Your task:
The response should consist of the data below, copied exactly, with no pictures in it.

Provided information:
━━━━━━━━━━━━━━━━━━━━

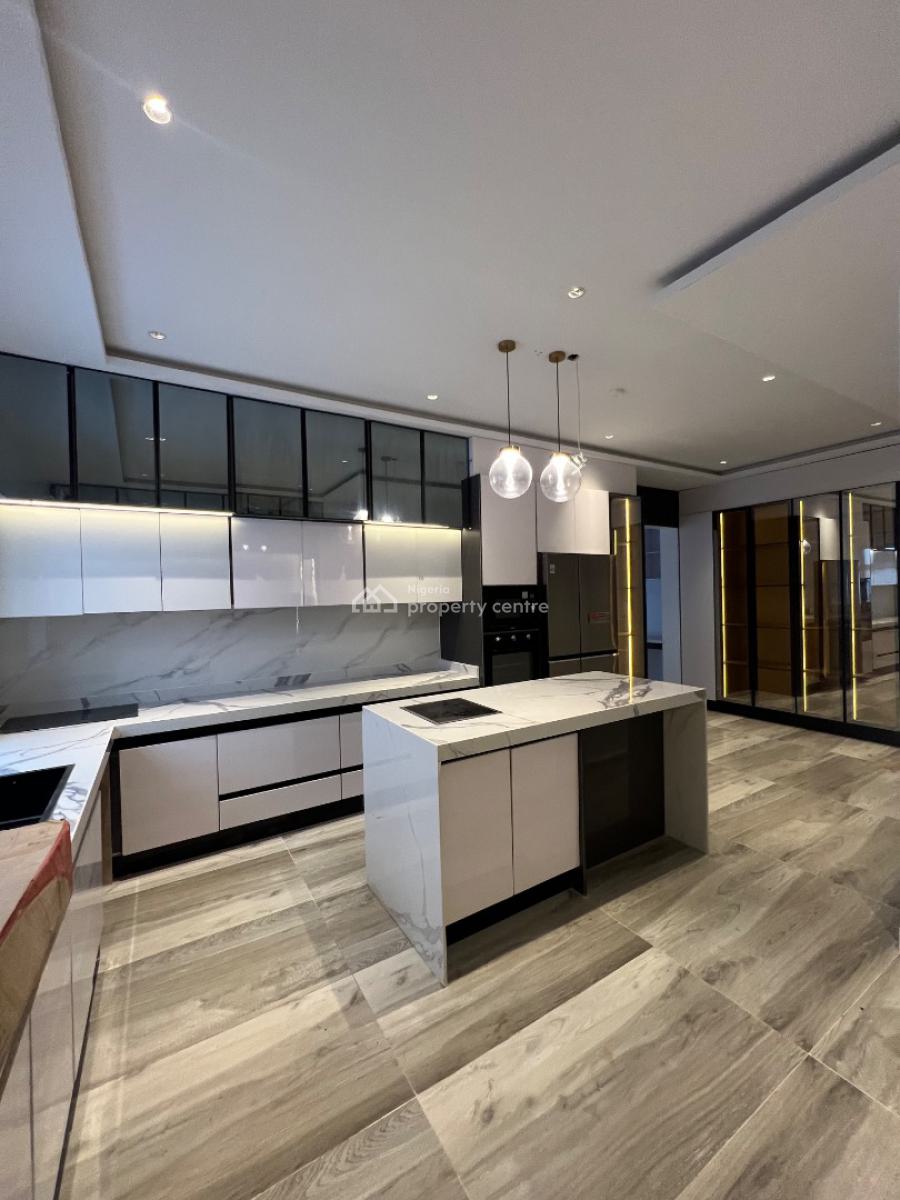 Super-luxury 5-bedroom Smart Duplex in Lekki 1., Lekki Phase 1, Lekki, Lagos, Detached Duplex for Rent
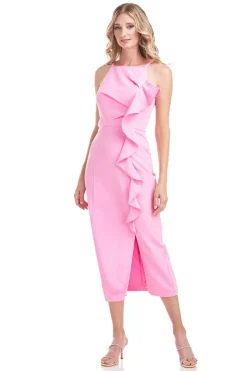 Nellie Ruffle Dress – SZ6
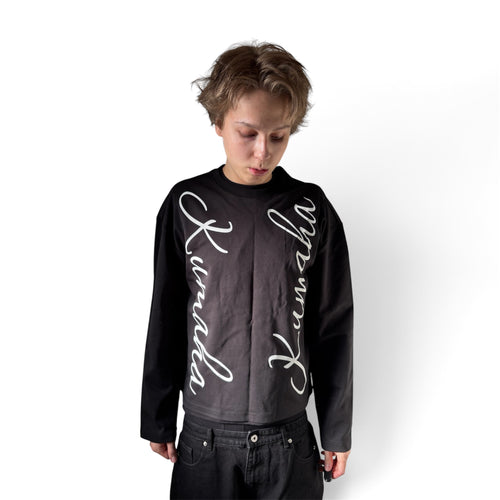 LOGO LONGSLEEVE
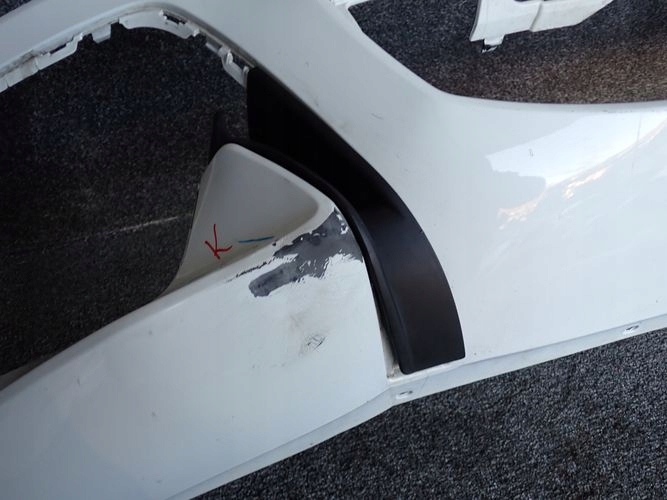 фото №10, Bmw x3 g01 m-pakiet 18- бампер передній перед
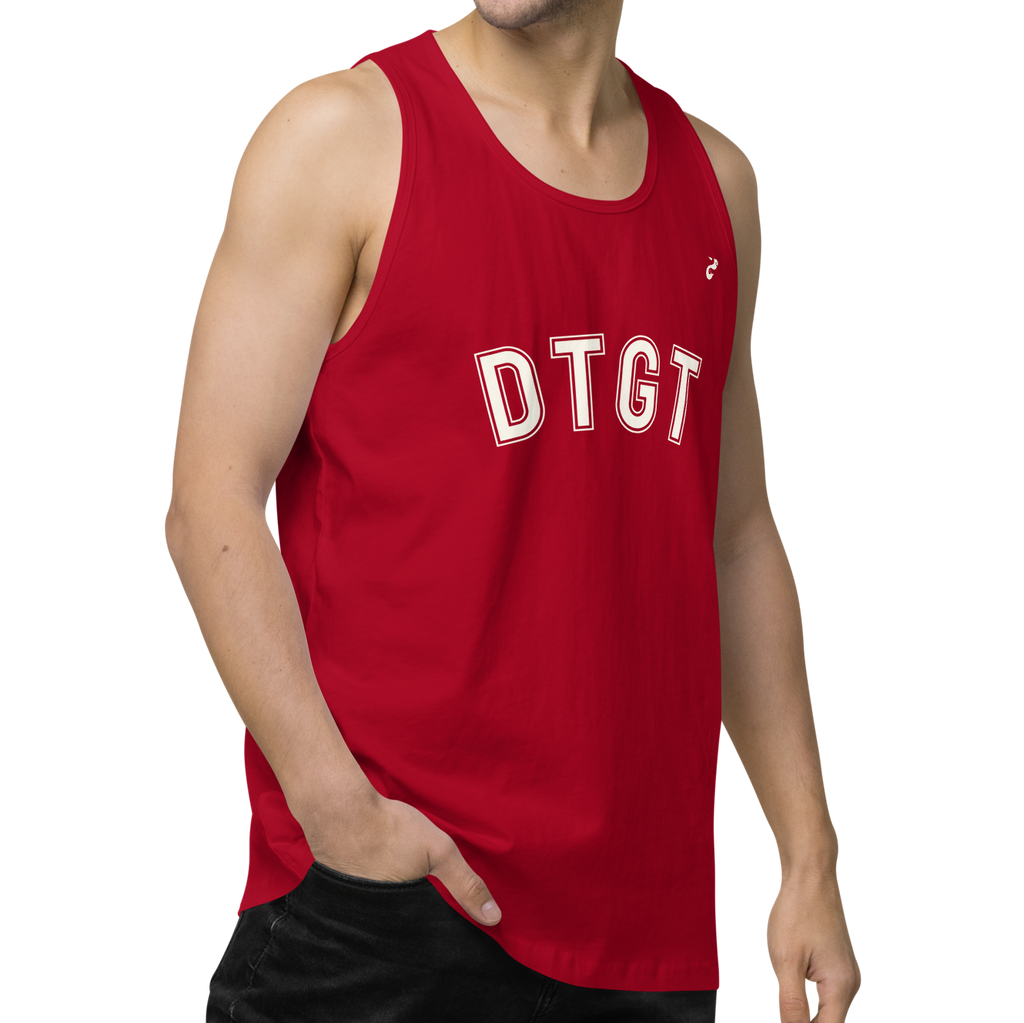 DTGT Tank Top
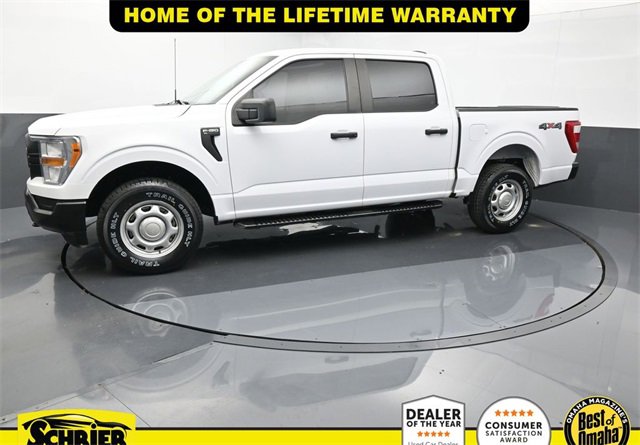 Used 2021 Ford F150 XL w/ Trailer Tow Package image 3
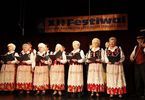 Leśne Echo z Chojnowa, zespół folklorystyczny, Piaseczno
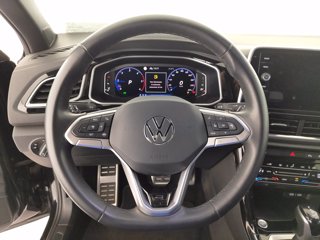 VOLKSWAGEN T-roc 2.0 tdi r-line 150cv dsg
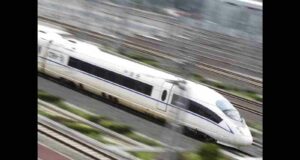 Stop land acquisition for Nashik Pune High Speed railway maha rail Letter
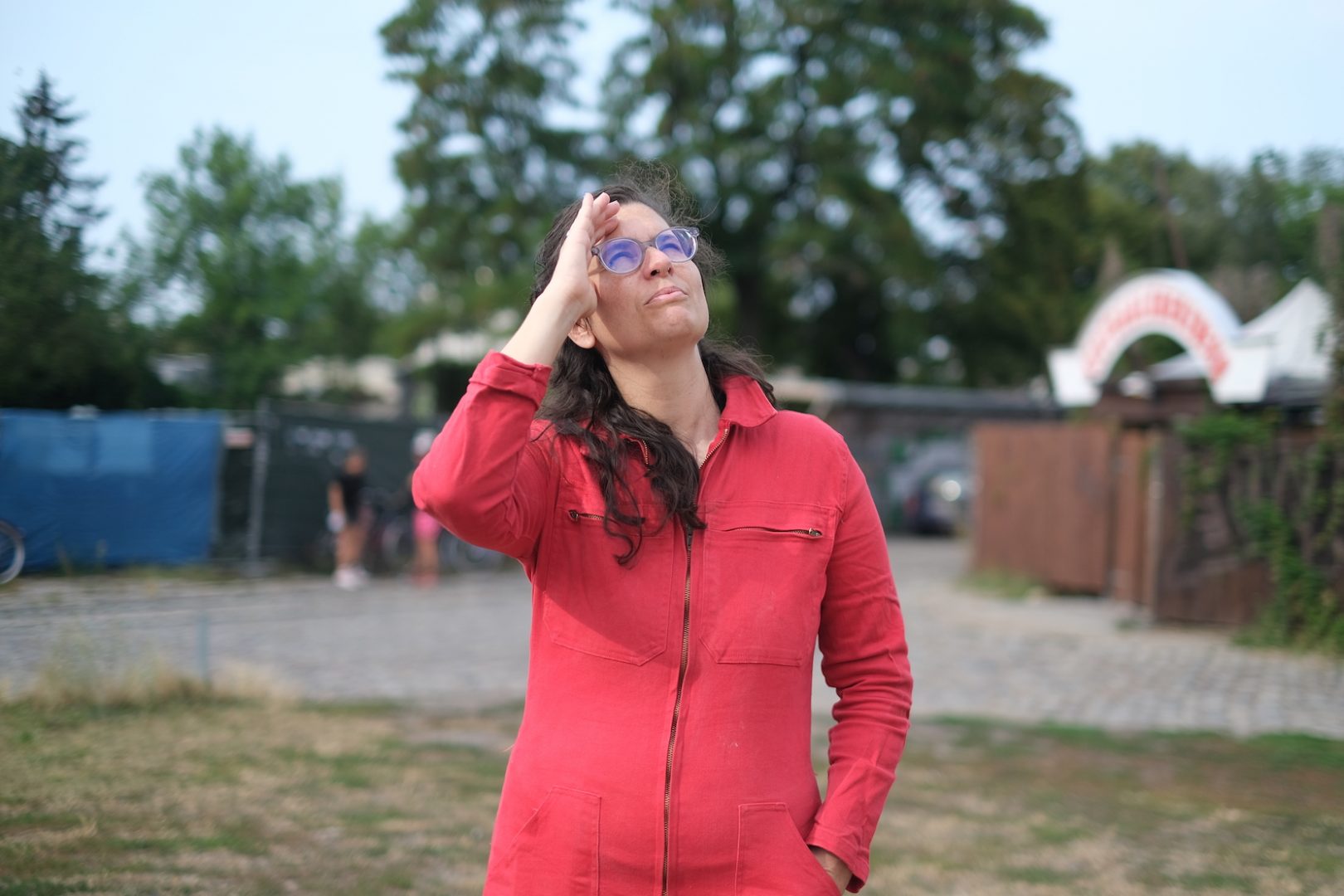 SHARON PAZ & ELIANNA RENNER 21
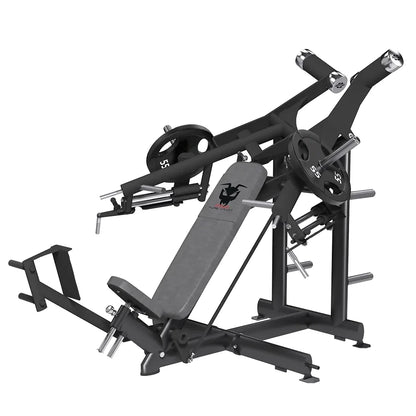 China Factory Commercial Chest Trainer Gym Equipment Bodybuilding Gym80 Fitness Seated Incline Chest Press Machine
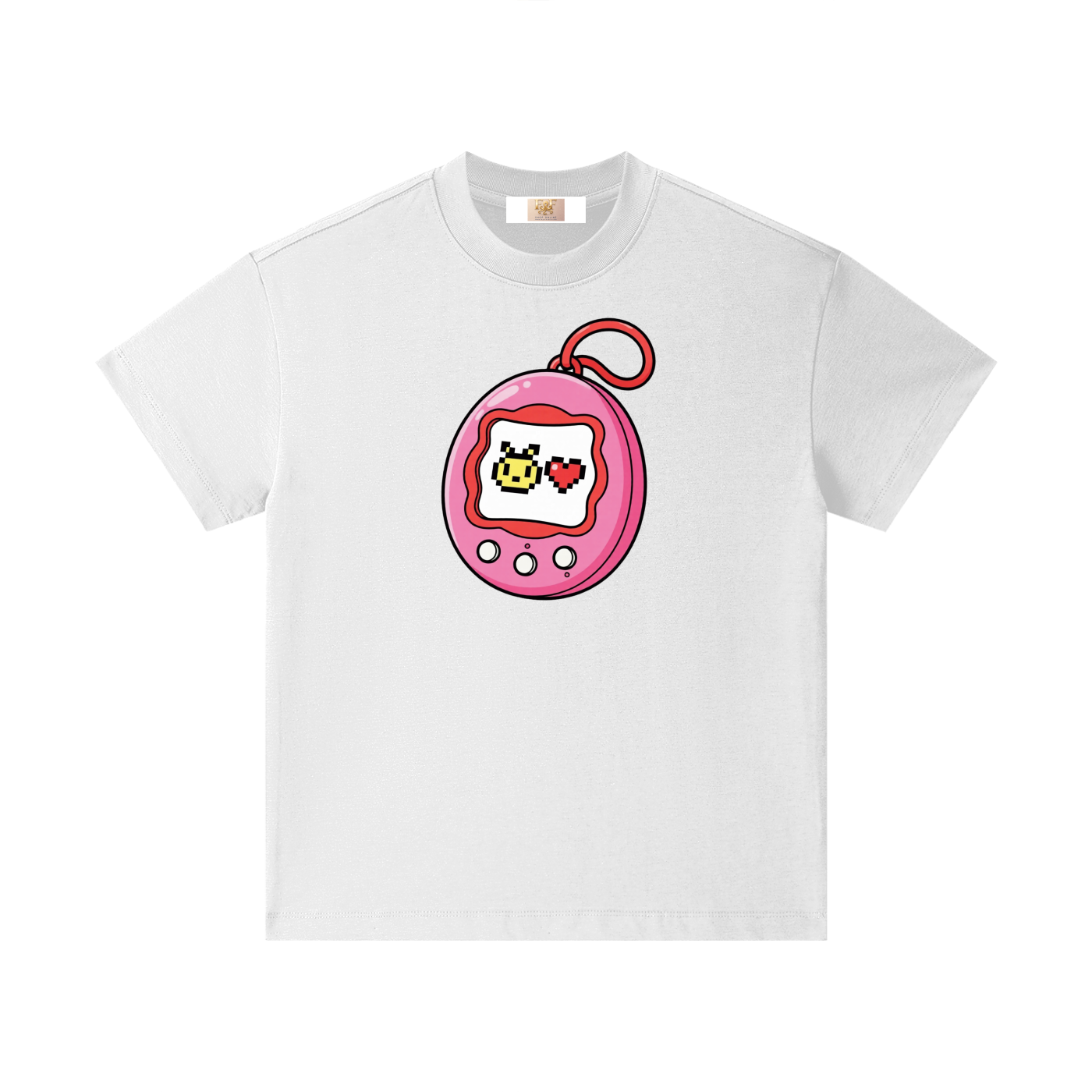 Pure Cotton Essential Kids T-Shirt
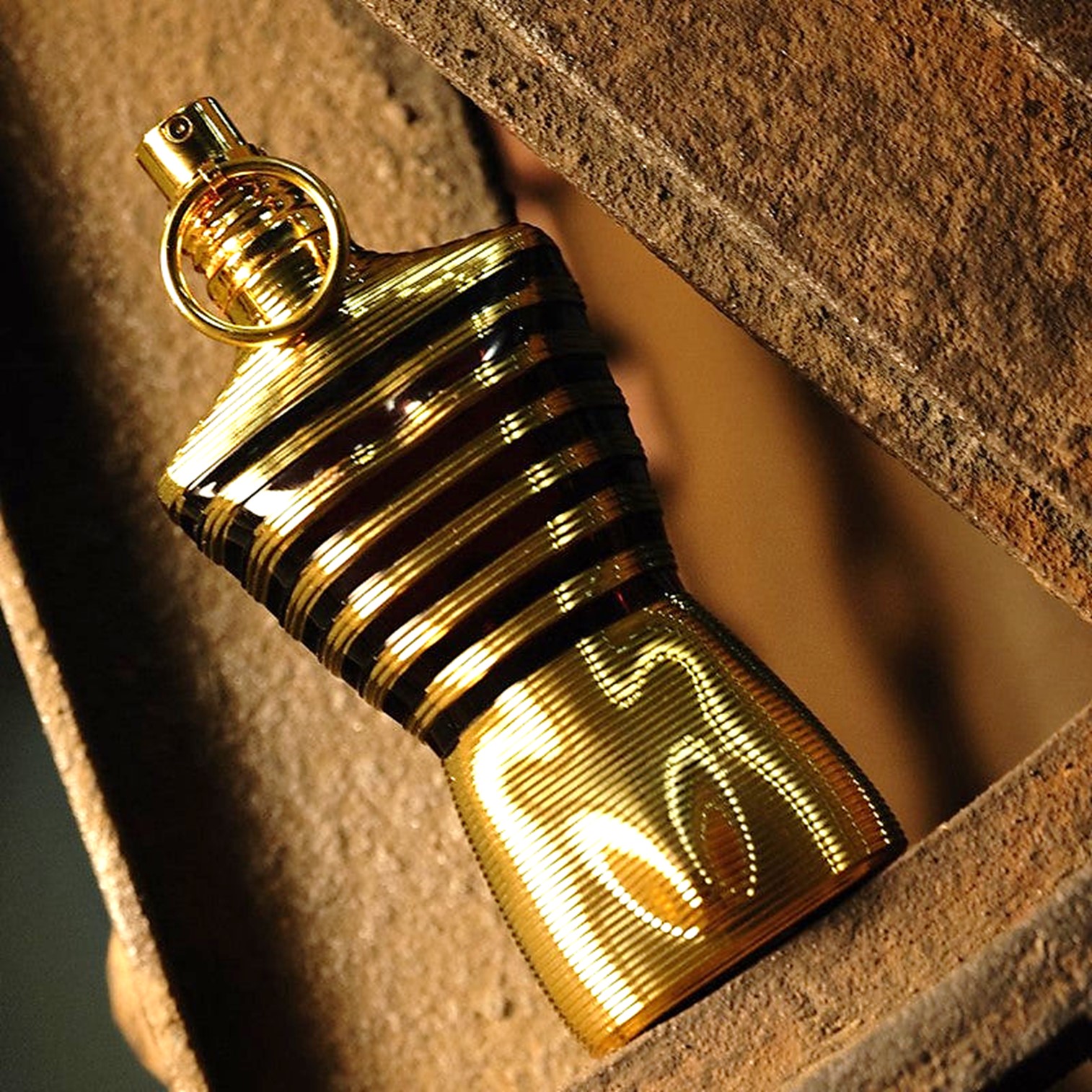Jean Paul Gaultier Le Male Elixir Parfum 125ml น้ำหอมผู้ชายกลิ่นหอมเซ็กซี่หรูหราสินค้านำเข้าจากต่างประเทศของแท้พร้อมส่ง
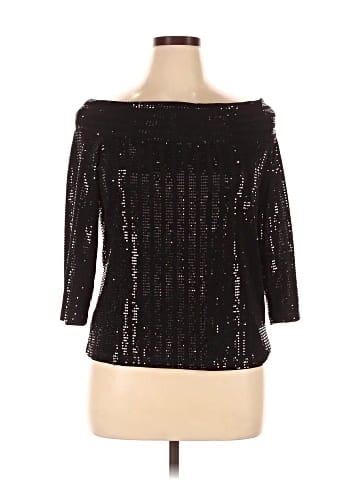Clara Sun Woo 3/4 Sleeve Top (view 1)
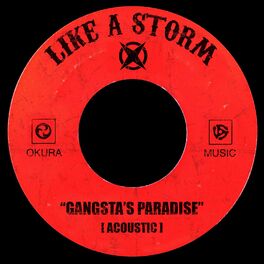 Album cover of Gangsta's Paradise (Acoustic)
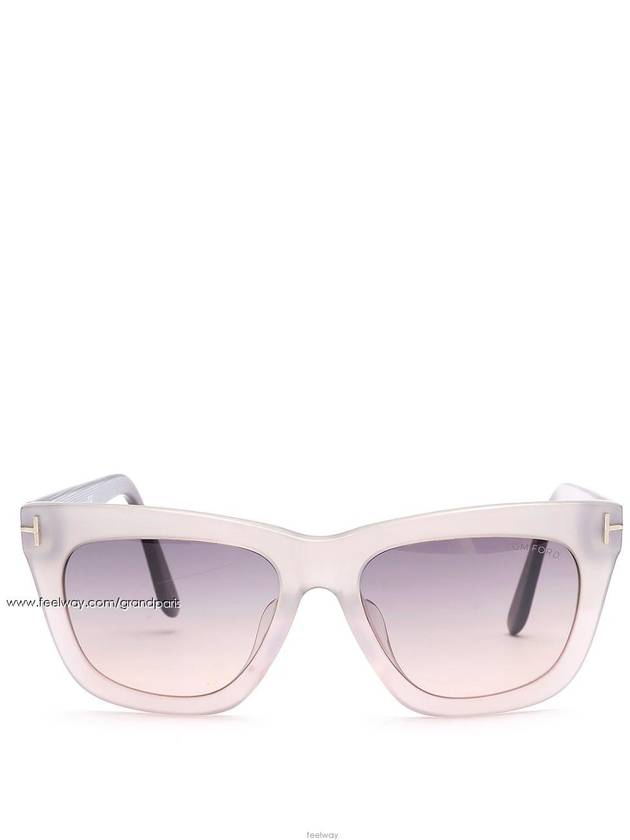 men sunglasses - TOM FORD - BALAAN 5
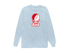 Rensselaer Polytechnic Institute Stealie Premium Unisex Long-Sleeve — Design: Rensselaer Polytechnic Institute — Chambray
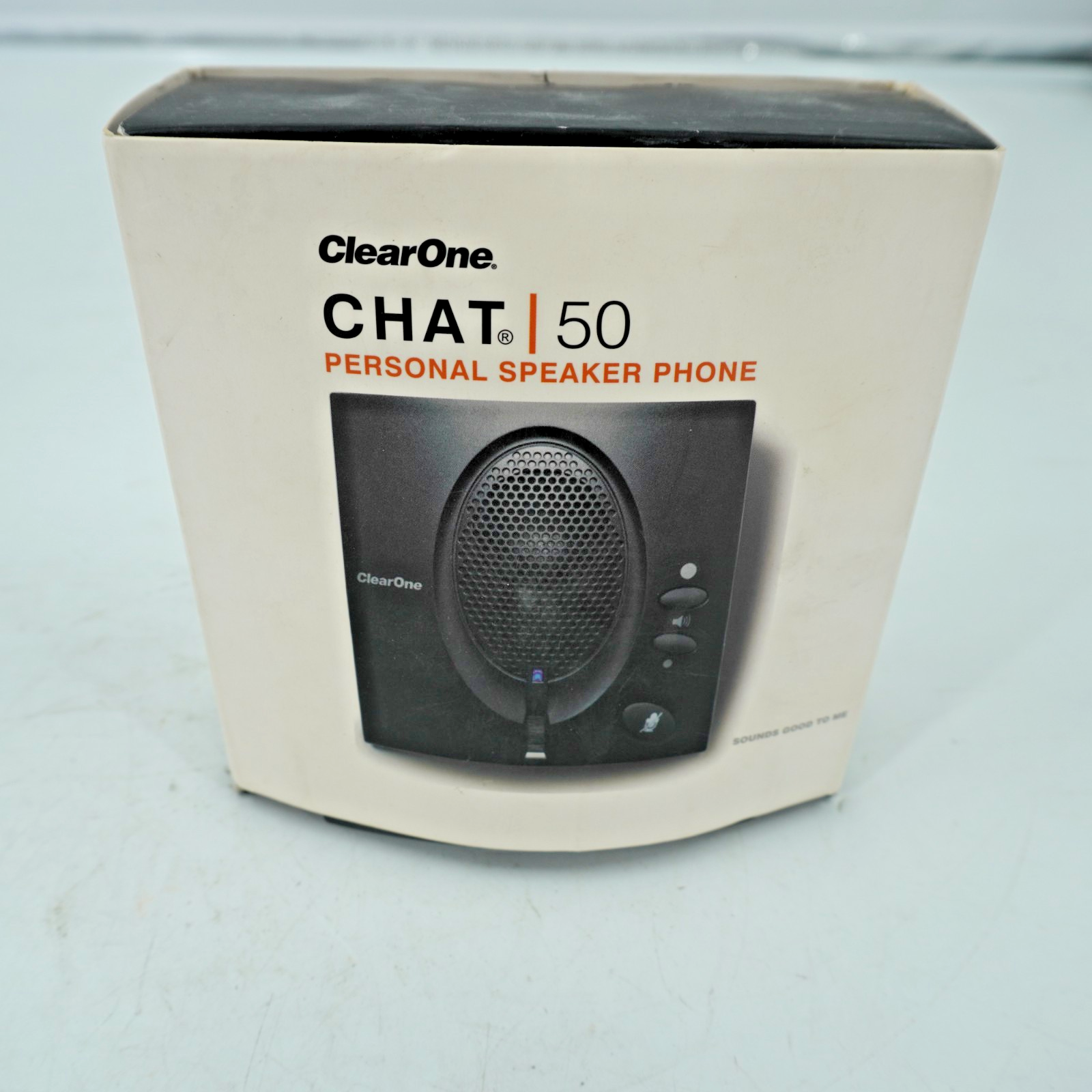 CLEAR ONE CHAT 50 PERSONAL SPEAKER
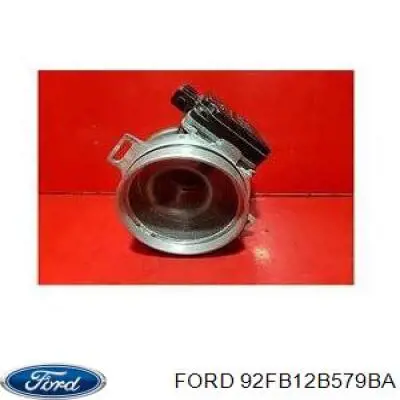 Sensor de fluxo (consumo) de ar, medidor de consumo M.A.F. - (Mass Airflow) Ford 92FB12B579BA preço, a partir de 28,94 USD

━━━━━━━━━━━━━━━━━━━━

Written reply:
 Super-luxury 5-bedroom Smart Duplex in Lekki 1., Lekki Phase 1, Lekki, Lagos, Detached Duplex for Rent
 Nellie Ruffle Dress – SZ6
 LOGO LONGSLEEVE
 фото №10, Bmw x3 g01 m-pakiet 18- бампер передній перед
 DTGT Tank Top
 Used 2021 Ford F150 XL w/ Trailer Tow Package image 3
 Leśne Echo z Chojnowa, zespół folklorystyczny, Piaseczno
 VOLKSWAGEN T-roc 2.0 tdi r-line 150cv dsg
 Stop land acquisition for Nashik Pune High Speed railway maha rail Letter
 SHARON PAZ & ELIANNA RENNER 21
 China Factory Commercial Chest Trainer Gym Equipment Bodybuilding Gym80 Fitness Seated Incline Chest Press Machine
 Pure Cotton Essential Kids T-Shirt
Jean Paul Gaultier Le Male Elixir Parfum 125ml น้ำหอมผู้ชายกลิ่นหอมเซ็กซี่หรูหราสินค้านำเข้าจากต่างประเทศของแท้พร้อมส่ง
Clara Sun Woo 3/4 Sleeve Top (view 1)
 Album cover of Gangsta's Paradise (Acoustic)
 men sunglasses - TOM FORD - BALAAN 5
 Rensselaer Polytechnic Institute Stealie Premium Unisex Long-Sleeve — Design: Rensselaer Polytechnic Institute — Chambray
 CLEAR ONE CHAT 50 PERSONAL SPEAKER
 Sensor de fluxo (consumo) de ar, medidor de consumo M.A.F. - (Mass Airflow) Ford 92FB12B579BA preço, a partir de 28,94 USD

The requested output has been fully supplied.